Figure 3 The mean percentage of

the

Figure 3 The mean Epacadostat cost percentage of

the positively immunostained cells for p53, p16, bcl-2, ki-67, c-myc, Rb, and EGFR in tumor tissue sections of SBT in relation to (A) histopathology; SCC and TCC. (B) Grade of the tumor; high and low grades. (C) Invasiveness of the tumor; invasive and non-invasive (D) Stage of cancer; late (stages VI and III) and early stages (stages I and II). (E) Presentation of the disease; first presentation and recurrent. Regarding NSBT, only p53 and c-myc were clearly associated with SCC while EGFR, unlike in SBT, was associated with TCC (P < 0.05) (Figure. 4-A). All studied markers were higher in high grade tumors than in low grade and p16 was very low in high grade tumors (P < 0.05) (Figure. 4-B). Bcl-2, c-myc, and EGFR were higher in invasive than in non-invasive tumors while p16 and Rb, unlike in SBT, were lower in invasive selleck than in non-invasive (P < 0.05) (Figure. 4-C). Ki-67, c-myc, and EGFR were higher in late stages

of the disease than MDV3100 datasheet early stages while p16 and Rb were lower in late than early stages (P < 0.05) (Figure. 4-D). Bcl-2 was higher and p16 and Rb were lower in recurrent than in first presentation (P < 0.05) (Figure. 4-E). Figure 4 The mean percentage of the positively immunostained cells for p53, p16, bcl-2, ki-67, c-myc, Rb, and EGFR in tumor tissue sections of NSBT in relation to (A) histopathology; SCC and TCC. (B) Grade of the tumor; high and low grades. (C) Invasiveness of the tumor; invasive and non-invasive.
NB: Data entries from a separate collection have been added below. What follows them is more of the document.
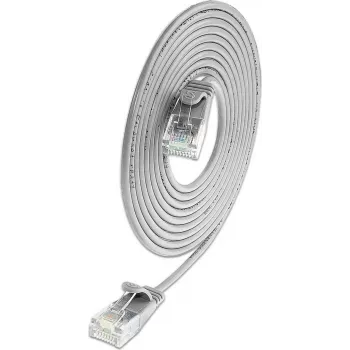 Wirewin SLIM Cat6A 10 Gigabit Light patch kabel okrogel, U/UTP, Ø 3,6 mm, siv (SLIM-L-UU-K6A 2.0)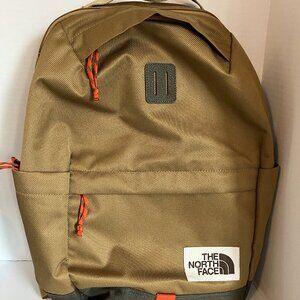 The North Face Top Loader Daypack - Tan With Logo-New with Flaw.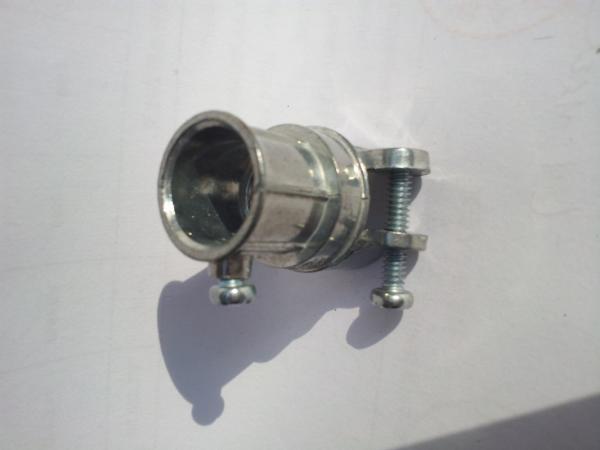 Long Lasting Protection Zinc Flexible Metal Conduit Fittings Of Combination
(D) Stage of cancer; late (stages VI and III) and early stages (stages I and II). (E) Presentation of the disease; first presentation and recurrent. The behavior of the studied markers Silibinin in SBT and NSBT was sometimes similar and sometimes different in relation to the clinicopathological criteria. Collectively, in both SBT and NSBT, the similar behavior of the studied markers was as follows; a) p53 was associated with SCC. b) p53, bcl-2, and c-myc were higher in high grade tumors. c) Bcl-2, c-myc, and EGFR were higher in invasive than non-invasive tumors. d) P16 and Rb were lowered in late stages of the disease (III and IV) while c-myc was higher. e) Rb and p16 were lowered in the recurrent presentation. On the other hand, the main lines of difference in the expression of the studied markers between SBT and NSBT were briefly as follows: a) In SBT, bcl-2, Rb, and EGFR were associated with SCC while in NSBT c-myc was associated with SCC and EGFR was associated with TCC. b) ki-67, Rb, and EGFR were higher in high grade tumors in NSBT rather than SBT. c) ki-67 was higher in invasive than in non-invasive tumors in SBT while p16 and Rb were lower in invasive than in non-invasive in NSBT. d) EGFR and ki-67 were higher in late stages of the disease in NSBT only. e) Bcl-2 in NSBT was higher in recurrent cases than first time presentation.